What needs to be done:
For the records below, please print exactly and only the lines from the one with "Used 2020 Chevrolet" down to the one with "Fachada del taller", both ends included, omitting the pictures.

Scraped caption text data
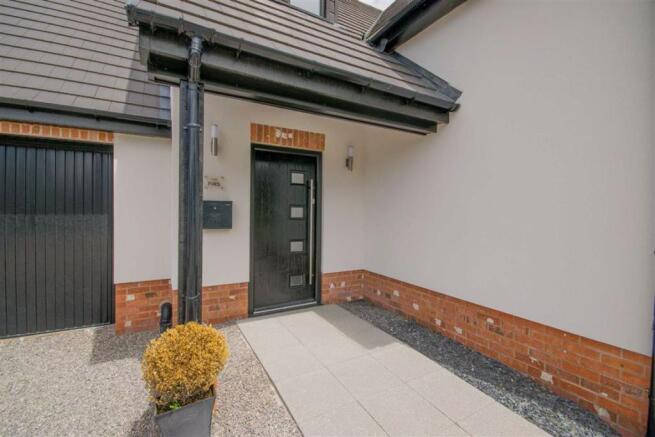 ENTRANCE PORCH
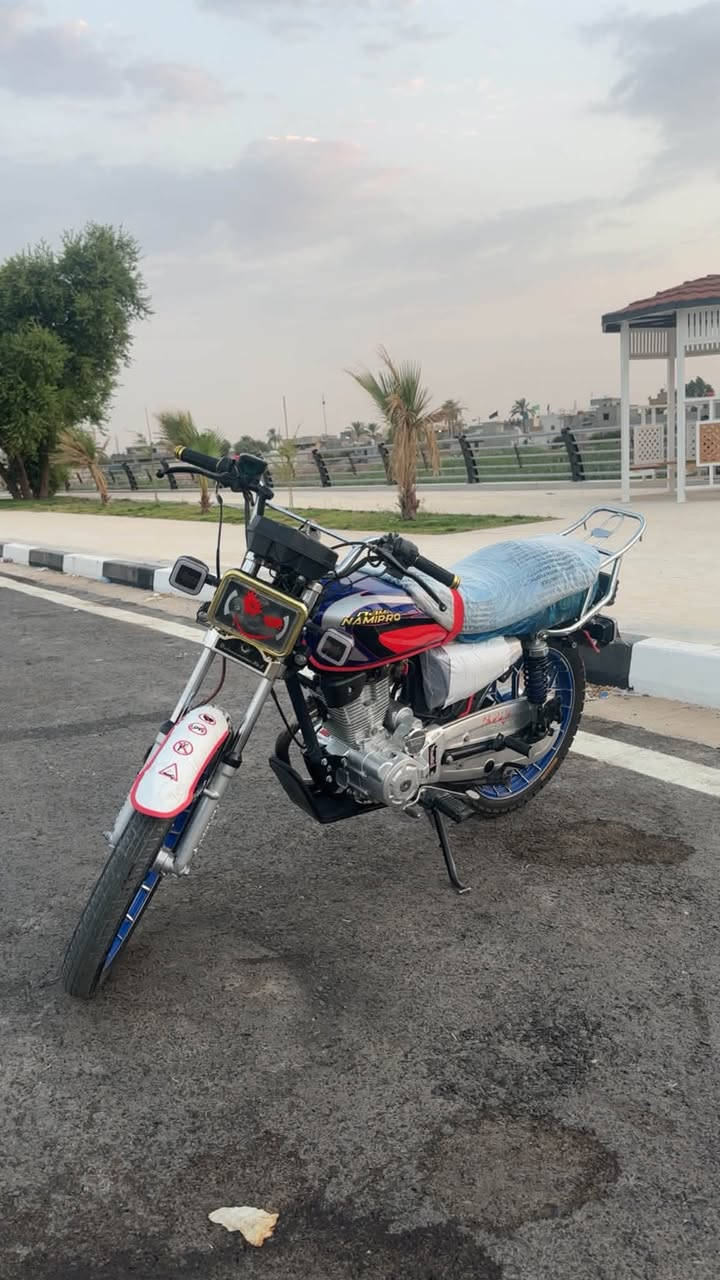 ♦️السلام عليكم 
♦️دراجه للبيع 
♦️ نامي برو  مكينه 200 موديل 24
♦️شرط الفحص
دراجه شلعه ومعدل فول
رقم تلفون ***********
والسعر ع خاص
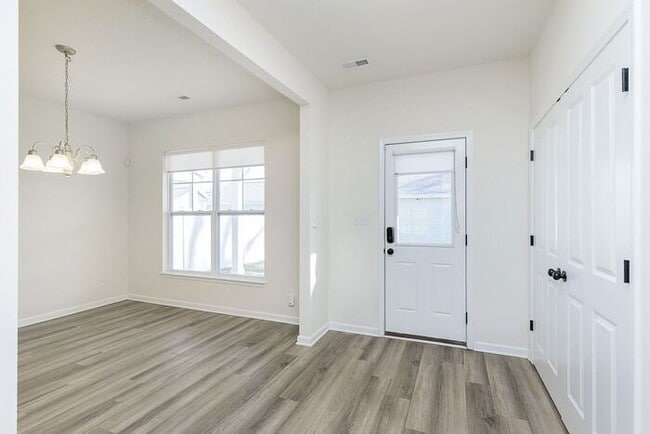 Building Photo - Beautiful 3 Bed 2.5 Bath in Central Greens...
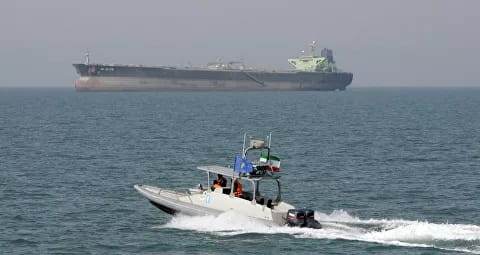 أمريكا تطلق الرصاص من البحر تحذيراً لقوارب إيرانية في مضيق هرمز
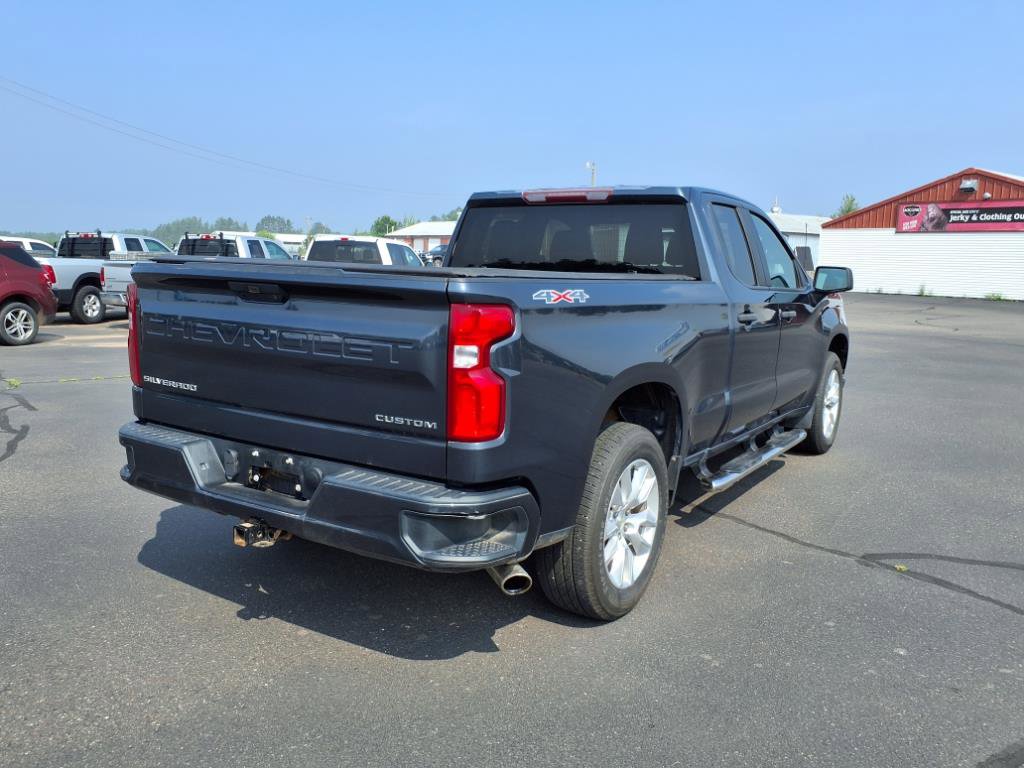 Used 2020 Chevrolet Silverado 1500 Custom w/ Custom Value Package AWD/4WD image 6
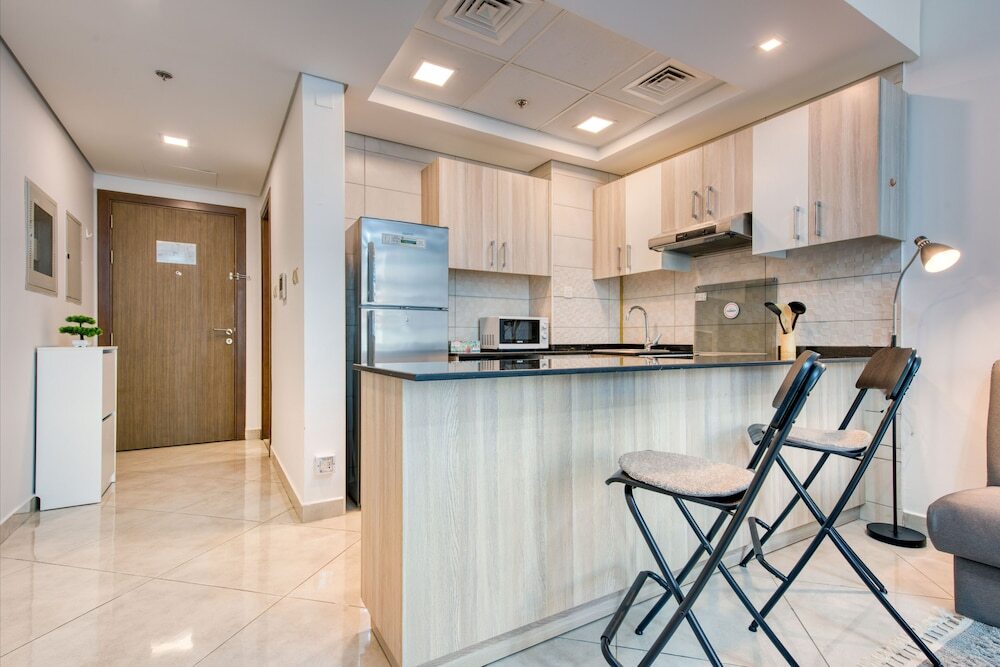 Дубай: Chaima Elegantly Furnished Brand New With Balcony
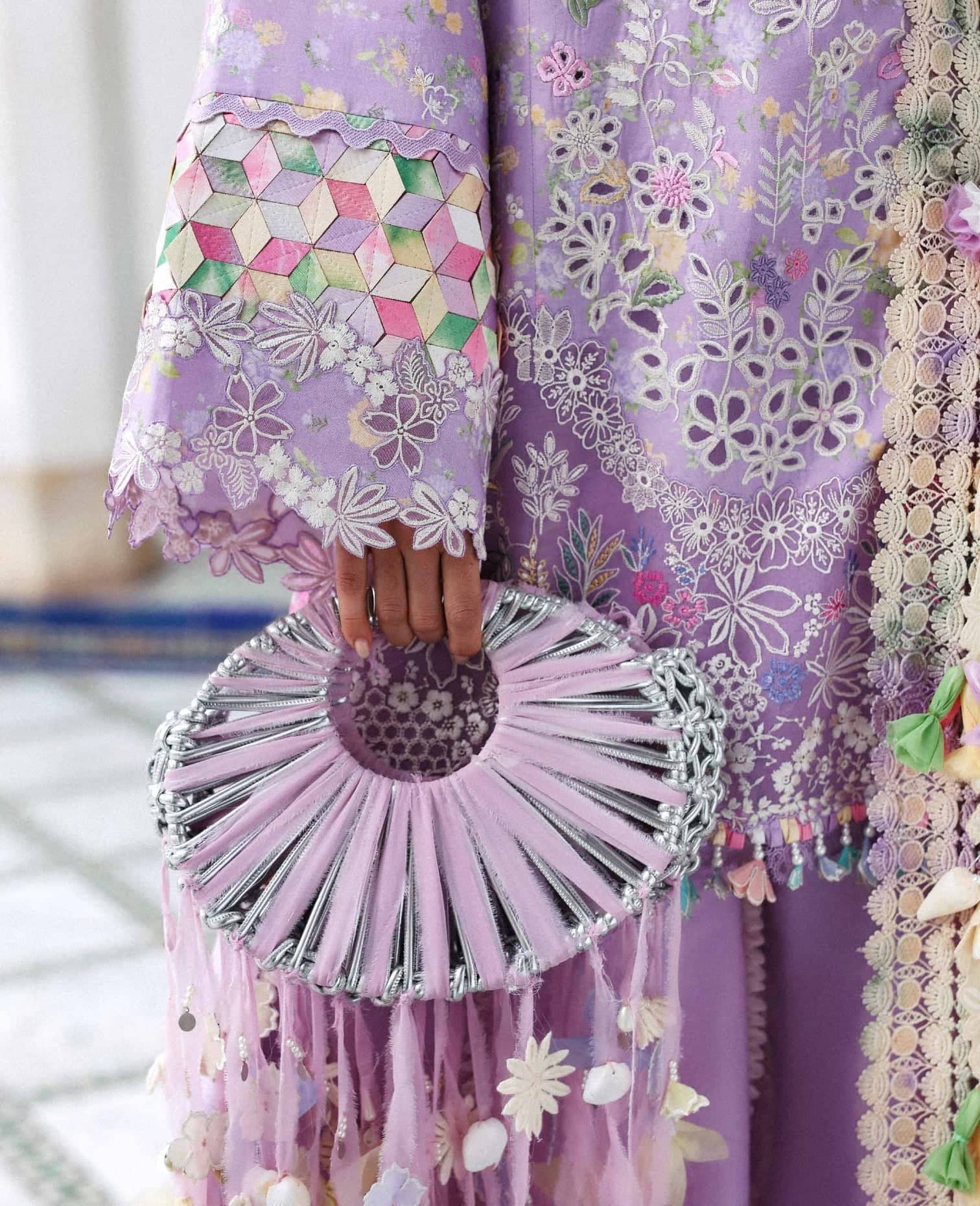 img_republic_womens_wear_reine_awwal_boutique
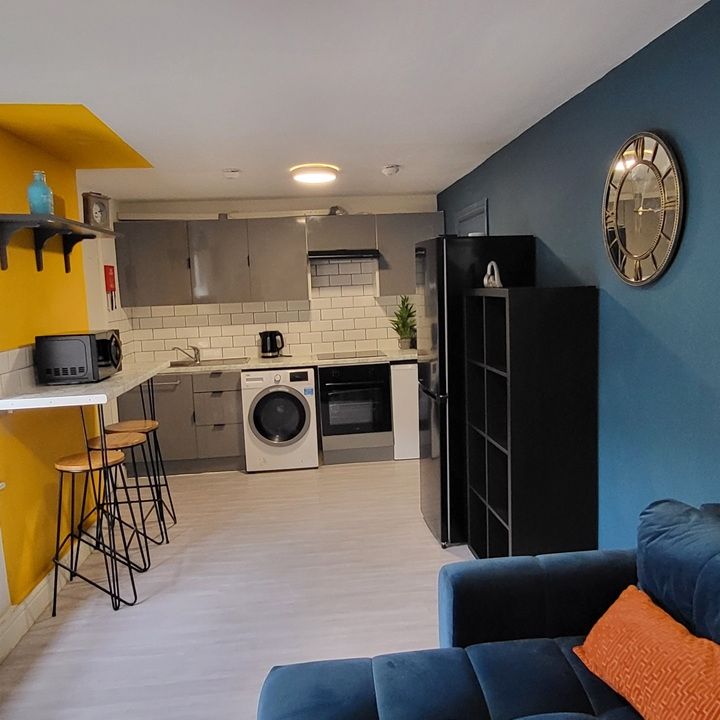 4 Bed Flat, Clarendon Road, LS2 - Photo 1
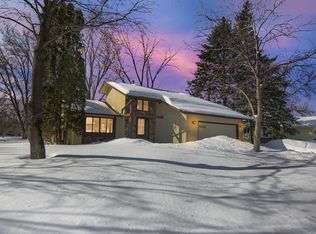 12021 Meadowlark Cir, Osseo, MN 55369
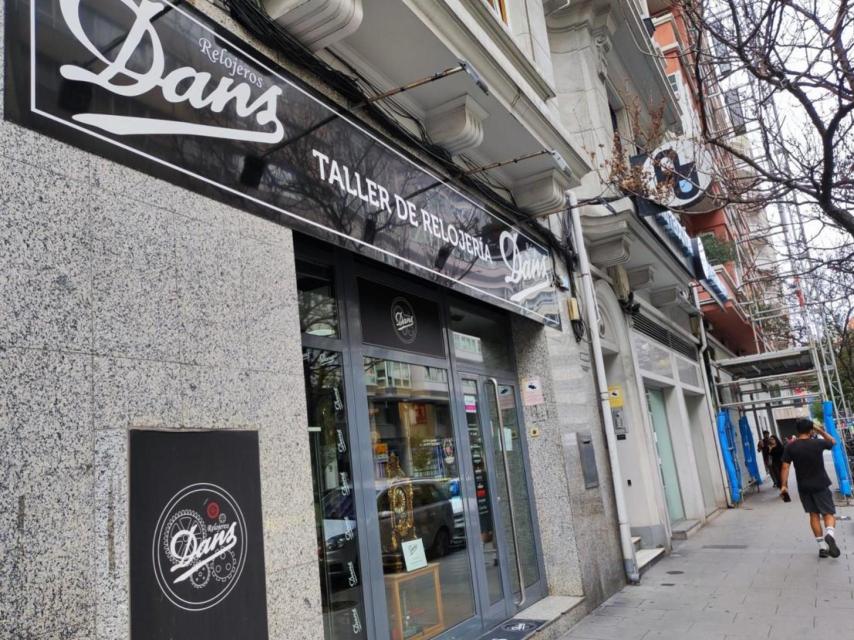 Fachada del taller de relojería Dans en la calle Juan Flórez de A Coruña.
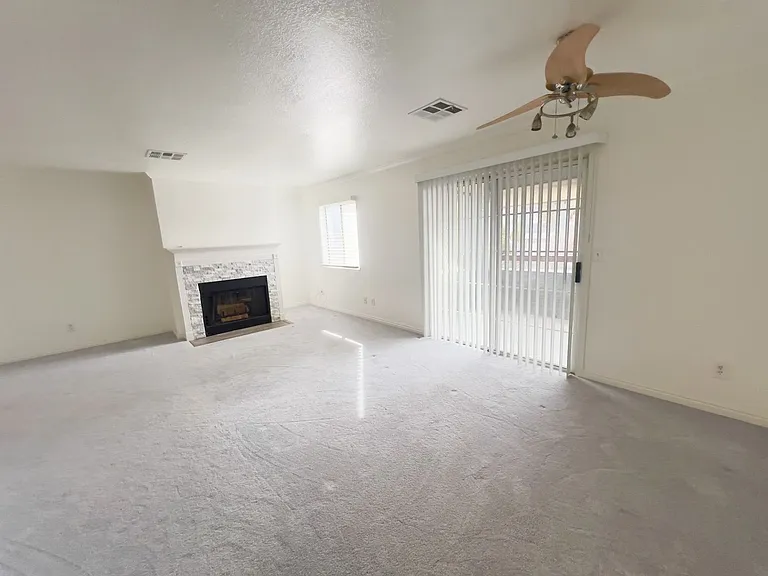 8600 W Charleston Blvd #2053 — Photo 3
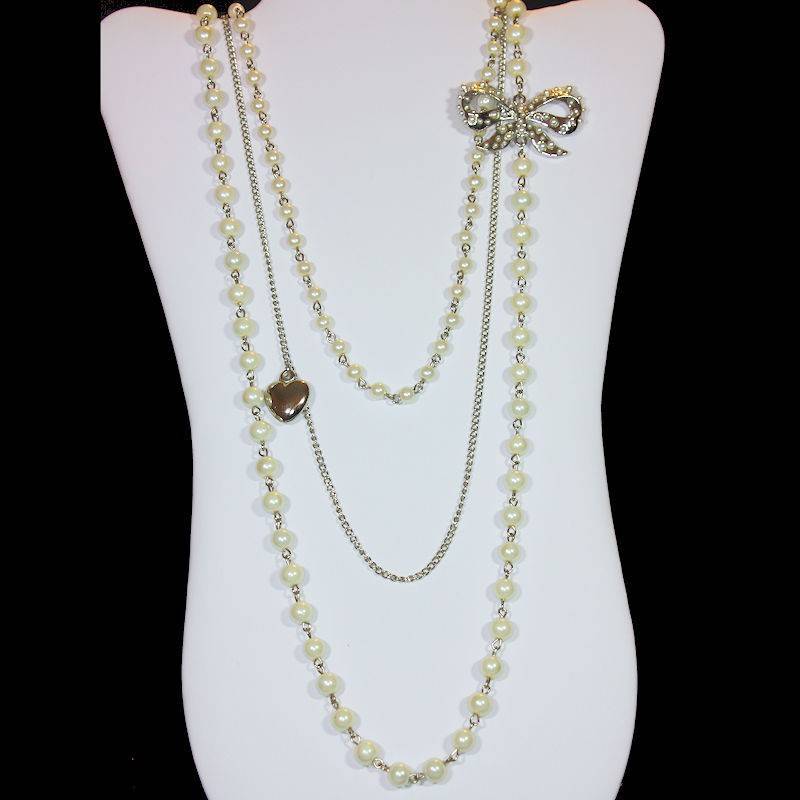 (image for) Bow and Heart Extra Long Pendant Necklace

Written response:
 Used 2020 Chevrolet Silverado 1500 Custom w/ Custom Value Package AWD/4WD image 6
 Дубай: Chaima Elegantly Furnished Brand New With Balcony
 img_republic_womens_wear_reine_awwal_boutique
 4 Bed Flat, Clarendon Road, LS2 - Photo 1
 12021 Meadowlark Cir, Osseo, MN 55369
 Fachada del taller de relojería Dans en la calle Juan Flórez de A Coruña.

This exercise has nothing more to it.